Code-barres / Barcode : 9788494631122

English version - click here

Une évocation historique, géographique, littéraire et musicale de la rihla d’Ibn Battuta

La découverte des Voyages d’Ibn Battuta dans la belle édition, traduite au catalan par l’historienne Margarida Castells et le poète et arabiste Manuel Forcano, publiée par les éditions Proa (Barcelone, 2005), fut la source inspiratrice qui a été à l’origine de la réalisation de ce nouveau Livre/CD.

L’invitation au voyage comme moyen d’apprentissage et source de connaissances a été, selon les plus anciennes traditions prophétiques, préconisée par le prophète Mahomet lui-même ; il poussait ses croyants à voyager n’importe où, à la recherche du savoir et de la connaissance. Une des citations qu’on lui attribue nous dit : « Cherchez la connaissance jusqu’aux confins de la Chine ». La lecture du fascinant récit de voyage d’Ibn Battuta, nous permet de constater et découvrir ce genre littéraire à part entière ; la « Rihla qui désigne le voyage et, par la suite, le récit que l’on en fait. ». Ce genre avait déjà été initié par Ibn Jubayr (1145-1217), le premier grand voyageur arabe originaire de Xativa (Valencia).

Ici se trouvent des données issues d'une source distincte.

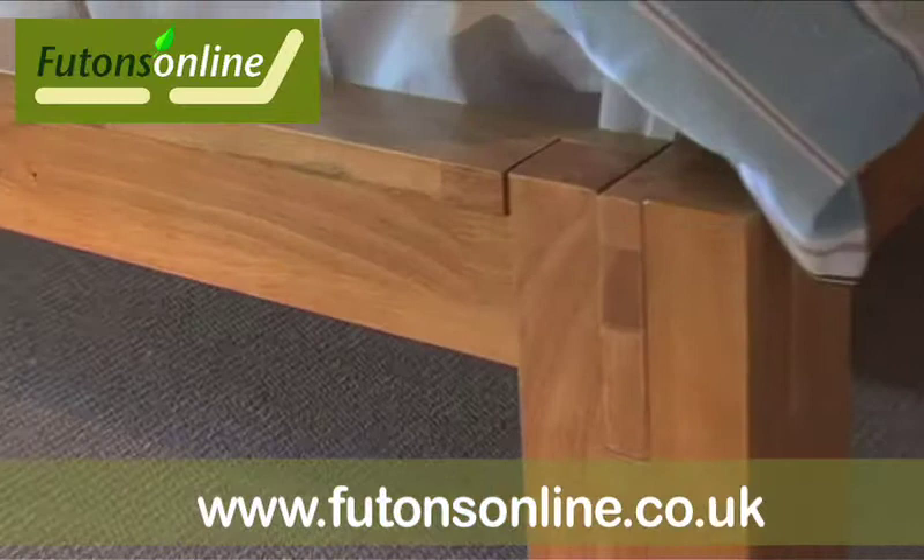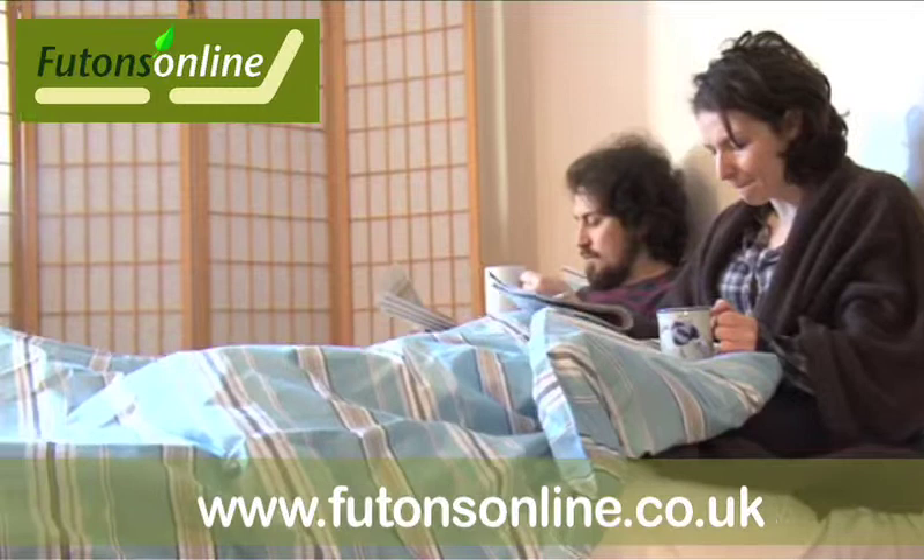The legs have an eye-catching design, and the twin headboards are an optional extra which can be easily fitted or removed from the bed frame.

Ibn Battuta était avant tout un véritable voyageur, et ses observations ne sont pas scientifiques mais plutôt personnelles. Malgré cela, elles apportent d’importantes connaissances sociologiques, coutumières ou historiques aux chercheurs. Citons un exemple curieux au sujet des femmes des Maldives, musulmanes et très pieuses, mais qui ne s’habillaient que jusqu’à la taille et ne couvraient pas le haut de leur corps, ni leurs cheveux : en qualité de qadi et de Maghrébin, Ibn Battuta a violemment condamné et tenté d’interdire cette pratique qui le choquait, sans succès toutefois. Le souverain de l’île à cette époque était une femme, et le régime du droit matriarcal était appliqué.

Comme le remarque si bien Oriane Huchon dans son intéressant article « Ibn Battûta : vie et voyages », celui-ci a rédigé ses Voyages à destination d’un public musulman averti du contexte politico-religieux du dâr-al-islam au XIVe siècle. Il n’a pas nécessairement explicité des éléments qui devaient lui sembler triviaux mais qui auraient apporté beaucoup de clés de compréhension au lecteur occidental. C’est en partie pour cette raison qu’il est demeuré longtemps inconnu des Européens. Jusqu’au XIXe siècle, sa chronique est connue principalement dans le monde musulman. Ce n’est que lorsque la chronique de ses Voyages a été traduite dans le monde occidental, qu’elle a été connue à partir de la deuxième moitié du XIXe siècle, surtout grâce aux traductions en allemand, puis en anglais et en français, publiées intégralement en 1858 par C. Defrémery et B. R. Sanguinetti et rééditées en 1997.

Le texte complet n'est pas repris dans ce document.